Should a line in the entries below contain "round", return that line.

**Listed entries:**
┄┄┄┄┄┄┄┄┄┄

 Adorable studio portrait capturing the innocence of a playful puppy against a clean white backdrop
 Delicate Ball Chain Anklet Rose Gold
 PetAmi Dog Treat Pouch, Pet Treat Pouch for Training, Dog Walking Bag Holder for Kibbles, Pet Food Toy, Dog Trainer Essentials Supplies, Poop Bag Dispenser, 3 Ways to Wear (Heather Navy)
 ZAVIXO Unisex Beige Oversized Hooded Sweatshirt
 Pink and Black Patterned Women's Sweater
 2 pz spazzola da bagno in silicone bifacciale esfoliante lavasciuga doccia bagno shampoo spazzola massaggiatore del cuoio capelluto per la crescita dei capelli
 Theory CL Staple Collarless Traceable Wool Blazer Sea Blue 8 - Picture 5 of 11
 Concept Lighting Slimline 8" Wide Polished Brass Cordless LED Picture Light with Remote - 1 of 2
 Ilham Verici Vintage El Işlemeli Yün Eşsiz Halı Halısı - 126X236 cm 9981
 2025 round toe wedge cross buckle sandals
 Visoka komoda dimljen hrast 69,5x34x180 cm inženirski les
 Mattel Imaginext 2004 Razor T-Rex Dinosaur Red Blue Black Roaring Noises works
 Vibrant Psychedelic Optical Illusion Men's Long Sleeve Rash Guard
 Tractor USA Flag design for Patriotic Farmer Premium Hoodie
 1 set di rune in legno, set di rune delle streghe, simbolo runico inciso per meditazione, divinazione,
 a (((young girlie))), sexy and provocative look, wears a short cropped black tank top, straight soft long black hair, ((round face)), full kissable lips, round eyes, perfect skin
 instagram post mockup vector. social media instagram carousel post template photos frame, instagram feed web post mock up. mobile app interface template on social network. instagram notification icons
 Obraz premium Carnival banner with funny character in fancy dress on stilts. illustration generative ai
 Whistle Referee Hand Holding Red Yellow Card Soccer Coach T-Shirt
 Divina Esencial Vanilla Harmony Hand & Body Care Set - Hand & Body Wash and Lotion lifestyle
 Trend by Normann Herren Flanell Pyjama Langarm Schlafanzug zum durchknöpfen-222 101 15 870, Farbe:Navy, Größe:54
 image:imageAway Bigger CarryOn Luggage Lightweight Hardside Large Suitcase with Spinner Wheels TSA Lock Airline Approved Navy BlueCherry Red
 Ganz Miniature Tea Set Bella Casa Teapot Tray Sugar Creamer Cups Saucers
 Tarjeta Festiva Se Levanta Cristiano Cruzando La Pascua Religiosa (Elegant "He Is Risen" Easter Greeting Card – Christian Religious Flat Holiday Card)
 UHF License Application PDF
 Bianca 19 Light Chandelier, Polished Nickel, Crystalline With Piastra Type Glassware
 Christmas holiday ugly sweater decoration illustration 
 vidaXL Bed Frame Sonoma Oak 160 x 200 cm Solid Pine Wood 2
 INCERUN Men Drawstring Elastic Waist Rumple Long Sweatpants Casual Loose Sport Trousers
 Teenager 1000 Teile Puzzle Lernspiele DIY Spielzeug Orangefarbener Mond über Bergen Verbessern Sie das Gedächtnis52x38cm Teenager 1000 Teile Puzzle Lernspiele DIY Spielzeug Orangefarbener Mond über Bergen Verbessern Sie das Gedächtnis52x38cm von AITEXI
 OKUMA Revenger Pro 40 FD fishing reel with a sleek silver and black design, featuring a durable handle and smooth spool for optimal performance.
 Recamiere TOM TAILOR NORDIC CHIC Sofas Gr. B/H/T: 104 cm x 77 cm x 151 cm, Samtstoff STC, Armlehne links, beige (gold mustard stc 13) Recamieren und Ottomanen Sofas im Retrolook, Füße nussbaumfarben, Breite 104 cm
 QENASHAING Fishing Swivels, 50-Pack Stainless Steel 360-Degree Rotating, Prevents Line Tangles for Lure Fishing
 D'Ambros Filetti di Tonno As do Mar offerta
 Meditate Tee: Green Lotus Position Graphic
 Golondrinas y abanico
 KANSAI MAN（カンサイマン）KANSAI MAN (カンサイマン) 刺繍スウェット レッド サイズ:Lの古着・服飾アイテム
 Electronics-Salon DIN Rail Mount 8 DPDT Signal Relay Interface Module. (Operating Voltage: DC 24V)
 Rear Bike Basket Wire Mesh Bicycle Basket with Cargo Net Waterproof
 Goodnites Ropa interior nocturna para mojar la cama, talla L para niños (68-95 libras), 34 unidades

┄┄┄┄┄┄┄┄┄┄

**Solved problem:**
 2025 round toe wedge cross buckle sandals
 a (((young girlie))), sexy and provocative look, wears a short cropped black tank top, straight soft long black hair, ((round face)), full kissable lips, round eyes, perfect skin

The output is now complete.